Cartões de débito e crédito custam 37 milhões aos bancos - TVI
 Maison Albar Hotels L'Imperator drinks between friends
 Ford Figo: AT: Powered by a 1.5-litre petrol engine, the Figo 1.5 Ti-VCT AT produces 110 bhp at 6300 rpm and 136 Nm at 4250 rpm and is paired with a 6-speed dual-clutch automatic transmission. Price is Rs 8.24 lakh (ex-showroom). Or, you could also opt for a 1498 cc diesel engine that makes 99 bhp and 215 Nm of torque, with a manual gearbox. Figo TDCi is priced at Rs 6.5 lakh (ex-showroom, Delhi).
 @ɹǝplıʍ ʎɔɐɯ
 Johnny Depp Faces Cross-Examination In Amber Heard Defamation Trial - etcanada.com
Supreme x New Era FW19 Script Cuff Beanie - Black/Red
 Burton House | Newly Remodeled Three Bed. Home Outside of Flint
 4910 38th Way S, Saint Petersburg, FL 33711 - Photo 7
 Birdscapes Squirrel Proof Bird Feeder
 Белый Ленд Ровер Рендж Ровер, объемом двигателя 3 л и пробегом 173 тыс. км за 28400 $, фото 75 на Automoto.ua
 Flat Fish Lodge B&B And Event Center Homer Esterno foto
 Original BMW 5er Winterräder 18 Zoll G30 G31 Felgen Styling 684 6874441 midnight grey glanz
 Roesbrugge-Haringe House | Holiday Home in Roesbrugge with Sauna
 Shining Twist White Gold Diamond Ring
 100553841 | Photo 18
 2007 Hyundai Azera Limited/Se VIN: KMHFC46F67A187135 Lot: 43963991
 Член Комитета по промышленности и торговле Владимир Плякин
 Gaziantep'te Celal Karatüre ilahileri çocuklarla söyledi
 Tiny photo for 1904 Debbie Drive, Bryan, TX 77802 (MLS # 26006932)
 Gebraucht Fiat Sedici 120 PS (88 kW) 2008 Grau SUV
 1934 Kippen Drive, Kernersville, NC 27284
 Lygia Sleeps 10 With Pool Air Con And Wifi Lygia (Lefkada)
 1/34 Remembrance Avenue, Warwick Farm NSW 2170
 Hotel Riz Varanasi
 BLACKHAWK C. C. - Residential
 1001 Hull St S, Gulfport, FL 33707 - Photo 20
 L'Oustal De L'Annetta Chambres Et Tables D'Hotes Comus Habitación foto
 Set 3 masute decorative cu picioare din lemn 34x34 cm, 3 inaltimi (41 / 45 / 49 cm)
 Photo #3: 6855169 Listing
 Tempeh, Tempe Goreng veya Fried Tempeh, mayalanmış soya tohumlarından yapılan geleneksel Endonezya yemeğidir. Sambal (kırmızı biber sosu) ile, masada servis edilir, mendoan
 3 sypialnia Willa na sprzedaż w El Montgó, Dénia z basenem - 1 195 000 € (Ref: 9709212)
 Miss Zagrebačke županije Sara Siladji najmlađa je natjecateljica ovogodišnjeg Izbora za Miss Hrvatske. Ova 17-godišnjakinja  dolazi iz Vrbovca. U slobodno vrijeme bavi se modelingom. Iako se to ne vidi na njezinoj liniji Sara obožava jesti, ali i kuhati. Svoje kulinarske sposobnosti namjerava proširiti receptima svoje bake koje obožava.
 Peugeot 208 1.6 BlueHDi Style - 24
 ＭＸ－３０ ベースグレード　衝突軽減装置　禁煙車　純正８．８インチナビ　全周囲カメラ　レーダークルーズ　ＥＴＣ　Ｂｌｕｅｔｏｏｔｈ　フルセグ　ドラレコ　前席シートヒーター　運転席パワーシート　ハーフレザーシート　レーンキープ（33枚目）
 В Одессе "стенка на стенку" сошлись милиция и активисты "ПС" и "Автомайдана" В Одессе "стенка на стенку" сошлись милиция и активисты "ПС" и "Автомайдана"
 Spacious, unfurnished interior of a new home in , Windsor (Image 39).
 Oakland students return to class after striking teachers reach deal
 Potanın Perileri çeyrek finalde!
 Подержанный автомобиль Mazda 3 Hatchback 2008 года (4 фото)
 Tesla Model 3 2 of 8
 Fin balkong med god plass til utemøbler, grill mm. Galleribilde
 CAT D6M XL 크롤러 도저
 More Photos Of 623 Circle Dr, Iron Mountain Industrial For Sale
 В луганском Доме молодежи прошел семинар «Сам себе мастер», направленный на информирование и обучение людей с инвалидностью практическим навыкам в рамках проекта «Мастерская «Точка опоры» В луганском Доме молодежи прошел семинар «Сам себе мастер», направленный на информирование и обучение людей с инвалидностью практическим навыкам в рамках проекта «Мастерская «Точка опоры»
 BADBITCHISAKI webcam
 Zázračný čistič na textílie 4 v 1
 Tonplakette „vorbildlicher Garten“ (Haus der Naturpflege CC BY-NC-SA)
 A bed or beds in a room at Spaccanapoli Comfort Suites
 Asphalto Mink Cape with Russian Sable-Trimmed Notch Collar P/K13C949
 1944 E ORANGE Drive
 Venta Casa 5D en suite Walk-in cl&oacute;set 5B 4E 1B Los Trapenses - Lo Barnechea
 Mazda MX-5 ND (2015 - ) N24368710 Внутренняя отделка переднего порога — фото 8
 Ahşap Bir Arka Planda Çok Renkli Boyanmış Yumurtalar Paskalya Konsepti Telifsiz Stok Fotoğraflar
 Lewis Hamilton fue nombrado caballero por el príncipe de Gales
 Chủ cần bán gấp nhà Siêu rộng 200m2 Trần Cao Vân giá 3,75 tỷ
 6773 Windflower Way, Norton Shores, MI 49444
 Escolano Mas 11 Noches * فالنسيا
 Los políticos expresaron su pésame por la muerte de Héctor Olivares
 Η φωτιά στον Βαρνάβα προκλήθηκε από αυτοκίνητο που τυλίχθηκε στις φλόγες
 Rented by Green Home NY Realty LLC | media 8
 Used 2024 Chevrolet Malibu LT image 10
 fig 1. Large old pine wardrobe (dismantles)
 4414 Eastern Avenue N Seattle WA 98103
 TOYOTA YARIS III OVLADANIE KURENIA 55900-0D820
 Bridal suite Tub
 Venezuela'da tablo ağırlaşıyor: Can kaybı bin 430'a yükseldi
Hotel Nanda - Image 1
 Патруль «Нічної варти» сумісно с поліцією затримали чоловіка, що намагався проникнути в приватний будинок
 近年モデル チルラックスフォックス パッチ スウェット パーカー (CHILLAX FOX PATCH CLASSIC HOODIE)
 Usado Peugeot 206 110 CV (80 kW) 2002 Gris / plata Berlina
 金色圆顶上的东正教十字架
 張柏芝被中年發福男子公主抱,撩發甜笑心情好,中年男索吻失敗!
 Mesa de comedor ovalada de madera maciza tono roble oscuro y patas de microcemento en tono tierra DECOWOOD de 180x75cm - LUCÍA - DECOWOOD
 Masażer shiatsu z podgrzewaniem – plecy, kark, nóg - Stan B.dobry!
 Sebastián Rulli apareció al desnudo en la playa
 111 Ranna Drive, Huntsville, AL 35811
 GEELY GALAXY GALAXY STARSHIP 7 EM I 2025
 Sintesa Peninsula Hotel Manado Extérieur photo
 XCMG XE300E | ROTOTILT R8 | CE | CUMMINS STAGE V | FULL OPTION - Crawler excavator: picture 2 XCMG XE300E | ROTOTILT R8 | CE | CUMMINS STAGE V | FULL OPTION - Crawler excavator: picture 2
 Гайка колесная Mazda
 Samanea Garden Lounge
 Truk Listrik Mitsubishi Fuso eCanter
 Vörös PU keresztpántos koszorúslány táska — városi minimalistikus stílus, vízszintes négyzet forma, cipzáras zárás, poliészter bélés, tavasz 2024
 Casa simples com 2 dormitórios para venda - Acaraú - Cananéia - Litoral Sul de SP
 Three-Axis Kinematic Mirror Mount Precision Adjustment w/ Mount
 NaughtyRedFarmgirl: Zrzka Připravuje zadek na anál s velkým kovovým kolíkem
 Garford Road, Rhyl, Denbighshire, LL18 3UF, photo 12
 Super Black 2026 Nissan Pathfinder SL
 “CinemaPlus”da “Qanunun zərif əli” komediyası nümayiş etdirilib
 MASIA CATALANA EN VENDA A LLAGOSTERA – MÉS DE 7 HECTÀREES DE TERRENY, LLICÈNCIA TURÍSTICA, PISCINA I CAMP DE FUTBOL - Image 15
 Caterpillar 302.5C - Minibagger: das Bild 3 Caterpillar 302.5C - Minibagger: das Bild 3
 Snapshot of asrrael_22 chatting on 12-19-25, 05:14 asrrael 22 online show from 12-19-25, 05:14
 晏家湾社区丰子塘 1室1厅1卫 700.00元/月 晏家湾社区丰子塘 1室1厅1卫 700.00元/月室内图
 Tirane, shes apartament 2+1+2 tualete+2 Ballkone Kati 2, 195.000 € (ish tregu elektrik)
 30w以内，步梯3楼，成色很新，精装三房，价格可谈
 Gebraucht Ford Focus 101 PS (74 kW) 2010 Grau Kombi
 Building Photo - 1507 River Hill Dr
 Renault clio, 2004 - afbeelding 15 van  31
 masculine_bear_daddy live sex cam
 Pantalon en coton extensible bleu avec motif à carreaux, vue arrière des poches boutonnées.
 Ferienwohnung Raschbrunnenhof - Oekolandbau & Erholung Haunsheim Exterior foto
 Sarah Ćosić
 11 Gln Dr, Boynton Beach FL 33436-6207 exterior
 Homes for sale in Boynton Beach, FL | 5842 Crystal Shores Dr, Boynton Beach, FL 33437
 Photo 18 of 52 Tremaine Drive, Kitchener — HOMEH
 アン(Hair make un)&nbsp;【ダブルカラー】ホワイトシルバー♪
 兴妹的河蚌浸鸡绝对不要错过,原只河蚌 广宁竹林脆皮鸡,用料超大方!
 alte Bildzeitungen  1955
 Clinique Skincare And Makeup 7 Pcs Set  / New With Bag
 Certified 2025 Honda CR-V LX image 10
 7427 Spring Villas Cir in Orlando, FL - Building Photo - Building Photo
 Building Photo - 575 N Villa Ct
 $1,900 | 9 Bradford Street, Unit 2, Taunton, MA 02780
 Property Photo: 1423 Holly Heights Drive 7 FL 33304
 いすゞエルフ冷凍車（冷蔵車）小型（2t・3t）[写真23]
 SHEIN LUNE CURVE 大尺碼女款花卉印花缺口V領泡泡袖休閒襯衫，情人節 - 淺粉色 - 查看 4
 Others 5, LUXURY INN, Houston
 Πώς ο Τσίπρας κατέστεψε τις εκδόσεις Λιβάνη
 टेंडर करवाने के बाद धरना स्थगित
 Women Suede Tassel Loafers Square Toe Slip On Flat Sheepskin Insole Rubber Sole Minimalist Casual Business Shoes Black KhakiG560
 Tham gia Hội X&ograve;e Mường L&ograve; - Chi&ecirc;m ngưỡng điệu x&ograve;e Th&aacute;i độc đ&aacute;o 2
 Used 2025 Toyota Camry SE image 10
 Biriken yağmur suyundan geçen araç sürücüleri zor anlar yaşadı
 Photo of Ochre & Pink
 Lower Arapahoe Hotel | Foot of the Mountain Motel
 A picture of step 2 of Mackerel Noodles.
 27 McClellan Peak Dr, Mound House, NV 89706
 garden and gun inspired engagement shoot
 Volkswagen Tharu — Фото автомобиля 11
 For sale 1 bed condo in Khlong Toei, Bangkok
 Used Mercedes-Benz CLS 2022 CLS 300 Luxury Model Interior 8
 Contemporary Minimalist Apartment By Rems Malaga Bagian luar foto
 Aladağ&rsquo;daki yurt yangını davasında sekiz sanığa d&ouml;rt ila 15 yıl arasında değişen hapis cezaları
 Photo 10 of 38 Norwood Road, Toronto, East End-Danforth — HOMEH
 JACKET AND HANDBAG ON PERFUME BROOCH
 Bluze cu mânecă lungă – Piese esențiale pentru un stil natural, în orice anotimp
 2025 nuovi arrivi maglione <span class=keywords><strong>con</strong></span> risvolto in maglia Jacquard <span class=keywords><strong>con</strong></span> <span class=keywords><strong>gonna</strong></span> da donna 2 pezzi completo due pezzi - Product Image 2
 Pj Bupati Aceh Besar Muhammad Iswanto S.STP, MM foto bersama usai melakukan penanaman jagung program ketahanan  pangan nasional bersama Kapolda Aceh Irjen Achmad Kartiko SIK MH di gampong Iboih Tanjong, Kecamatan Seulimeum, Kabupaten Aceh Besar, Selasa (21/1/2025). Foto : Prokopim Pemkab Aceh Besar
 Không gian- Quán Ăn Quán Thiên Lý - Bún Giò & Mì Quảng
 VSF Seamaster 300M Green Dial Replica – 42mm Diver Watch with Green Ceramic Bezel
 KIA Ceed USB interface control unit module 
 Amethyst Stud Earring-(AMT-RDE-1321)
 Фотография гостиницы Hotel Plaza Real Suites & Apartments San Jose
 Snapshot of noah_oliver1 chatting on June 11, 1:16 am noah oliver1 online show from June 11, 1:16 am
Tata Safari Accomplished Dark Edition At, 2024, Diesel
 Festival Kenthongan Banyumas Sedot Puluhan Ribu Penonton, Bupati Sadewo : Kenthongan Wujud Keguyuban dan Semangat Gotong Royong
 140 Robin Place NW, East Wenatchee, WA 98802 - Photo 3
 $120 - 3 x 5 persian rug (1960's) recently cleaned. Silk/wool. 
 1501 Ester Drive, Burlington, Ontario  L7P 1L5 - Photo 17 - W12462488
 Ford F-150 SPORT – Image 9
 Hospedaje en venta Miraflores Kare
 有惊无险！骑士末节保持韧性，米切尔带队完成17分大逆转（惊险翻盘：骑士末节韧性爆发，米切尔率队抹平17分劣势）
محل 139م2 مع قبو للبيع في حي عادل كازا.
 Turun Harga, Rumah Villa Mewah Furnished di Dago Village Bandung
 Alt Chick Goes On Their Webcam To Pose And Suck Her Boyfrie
- - -
Both end lines included, restate word for word the lines above from the line with "L'Oustal De L'Annetta" to the line with "3 sypialnia Willa", and nothing else.

 L'Oustal De L'Annetta Chambres Et Tables D'Hotes Comus Habitación foto
 Set 3 masute decorative cu picioare din lemn 34x34 cm, 3 inaltimi (41 / 45 / 49 cm)
 Photo #3: 6855169 Listing
 Tempeh, Tempe Goreng veya Fried Tempeh, mayalanmış soya tohumlarından yapılan geleneksel Endonezya yemeğidir. Sambal (kırmızı biber sosu) ile, masada servis edilir, mendoan
 3 sypialnia Willa na sprzedaż w El Montgó, Dénia z basenem - 1 195 000 € (Ref: 9709212)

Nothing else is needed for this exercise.